ENTRIES PROVIDED section start

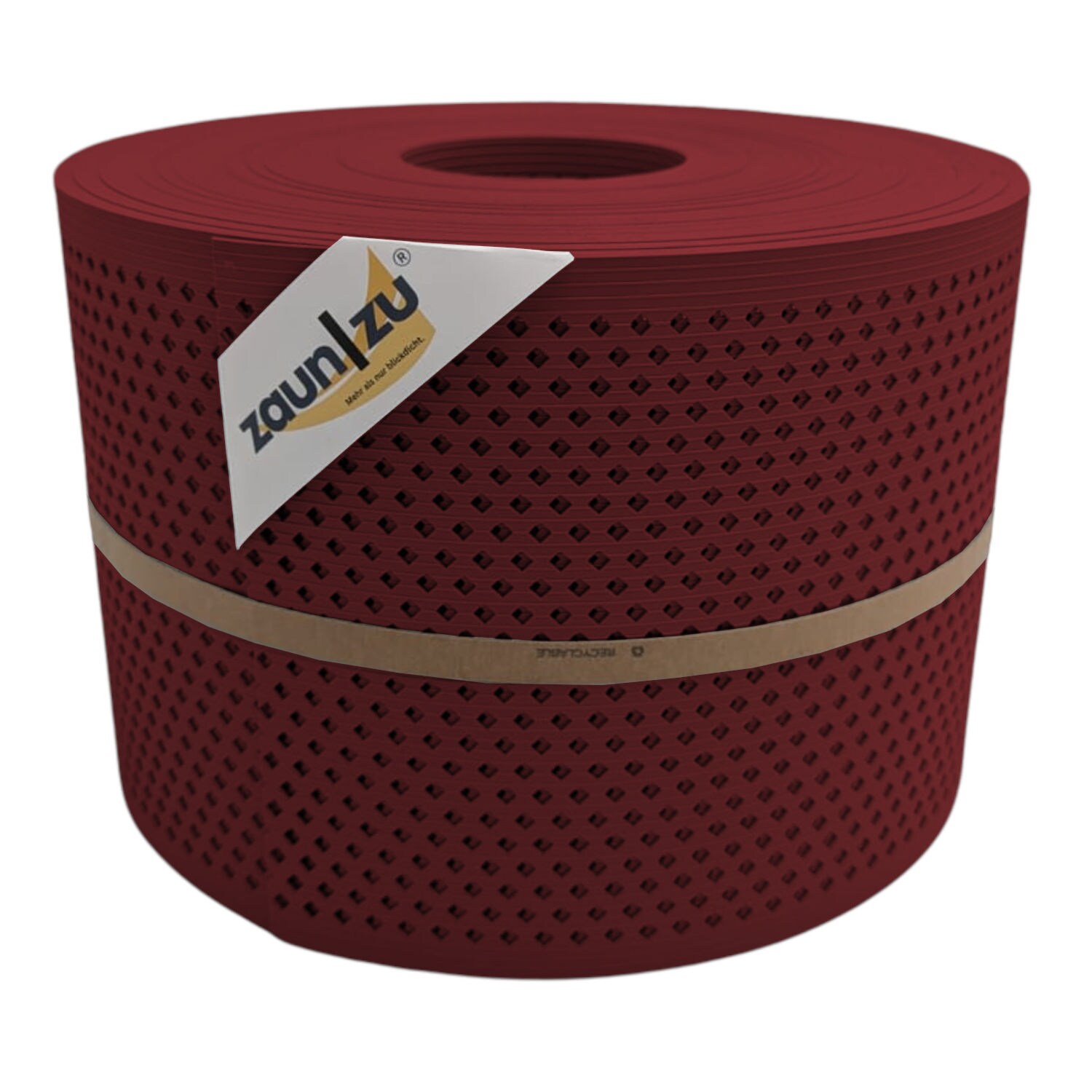 zaun|zu&reg; Sichtschutz Rille Gelocht Diamant Muster f&uuml;r Doppelstabmatten Bordeauxrot 50m - Bild 1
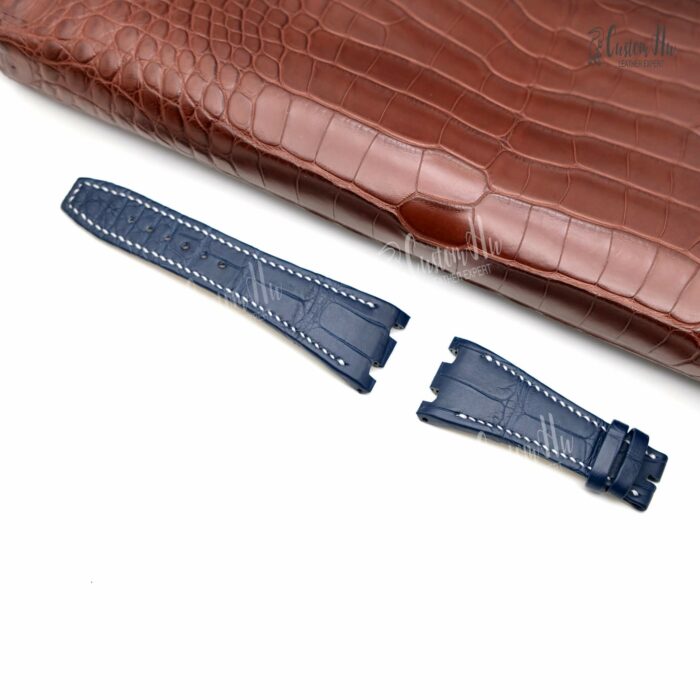 AudemarsPiguet RoyalOak-Armband 28 mm Luxus-Alligatorlederarmband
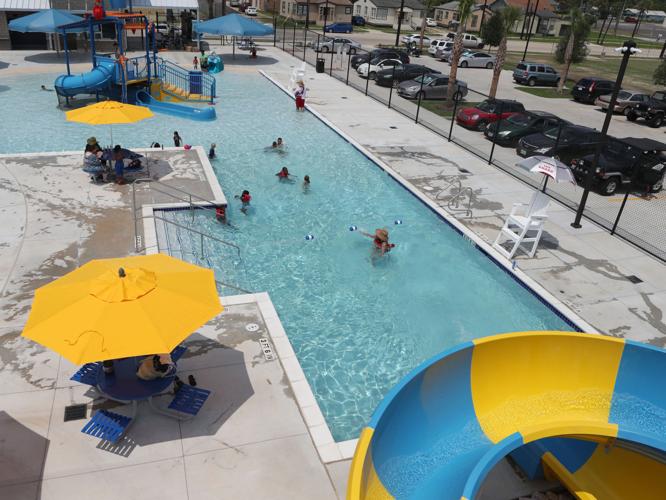 Longawaited Galveston community pool opens Local News The Daily News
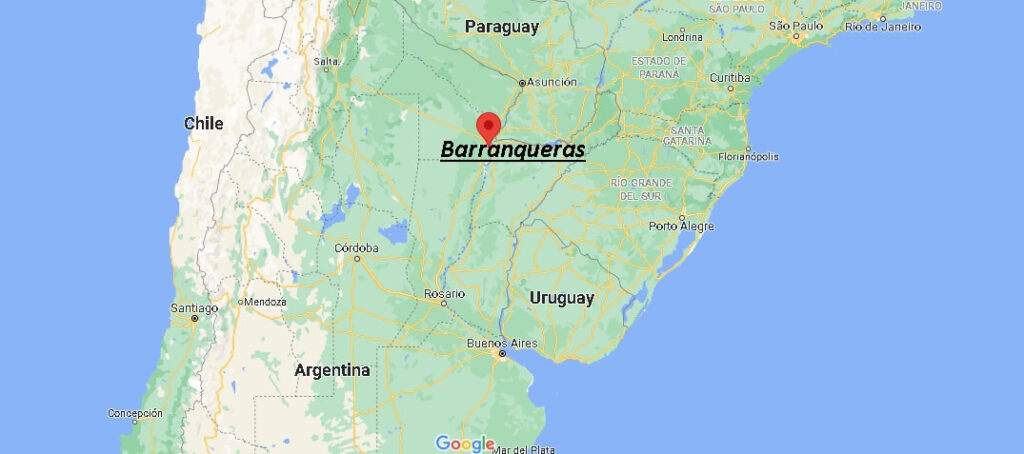 ¿Dónde está Barranqueras Argentina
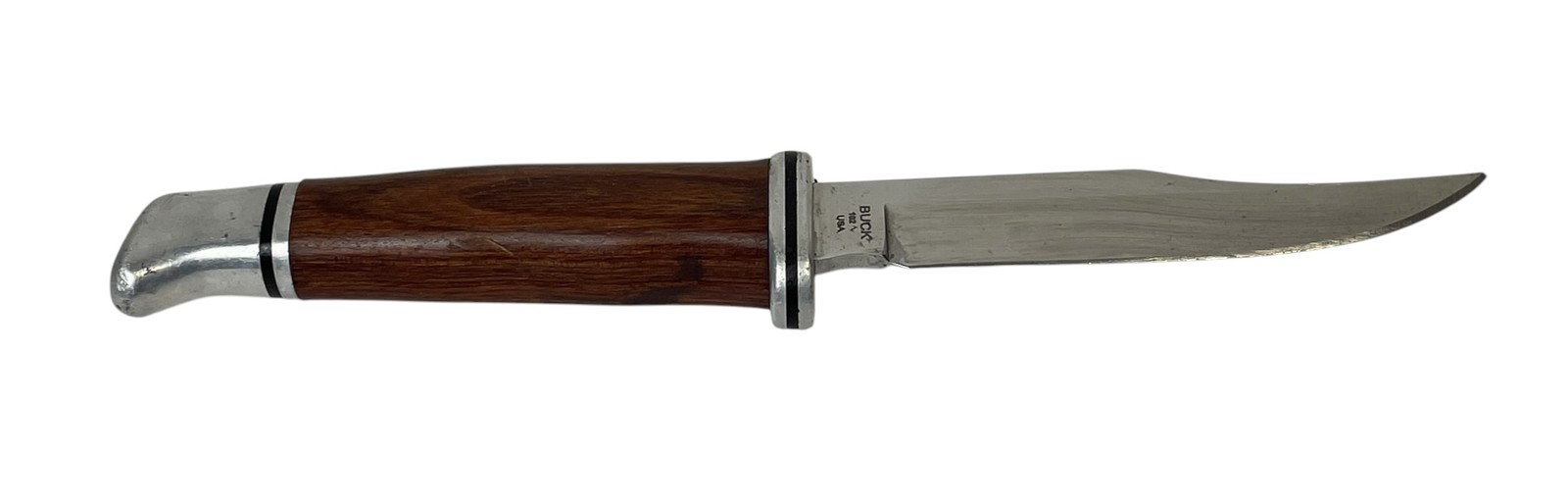 Buck 102 Woodsman Fixed Blade Wooden Handle Knife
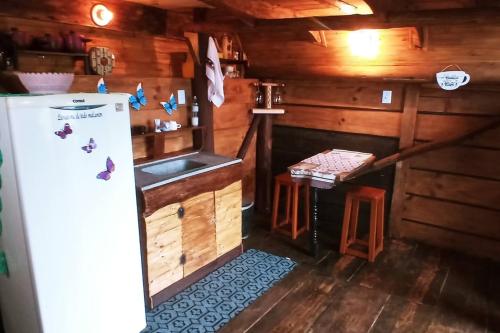 Una cocina o zona de cocina en Recanto da Serra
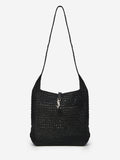 Saint Laurent Men's Le 5 À 7 Hobo Bag Medium in Black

ENTRIES PROVIDED section end

Starting at the line that contains "Buck 102 Woodsman", output every line through the end of the data, both ends included, and nothing else; pictures stay out.

SOLUTION TO THIS PROBLEM:
 Buck 102 Woodsman Fixed Blade Wooden Handle Knife
 Una cocina o zona de cocina en Recanto da Serra
 Saint Laurent Men's Le 5 À 7 Hobo Bag Medium in Black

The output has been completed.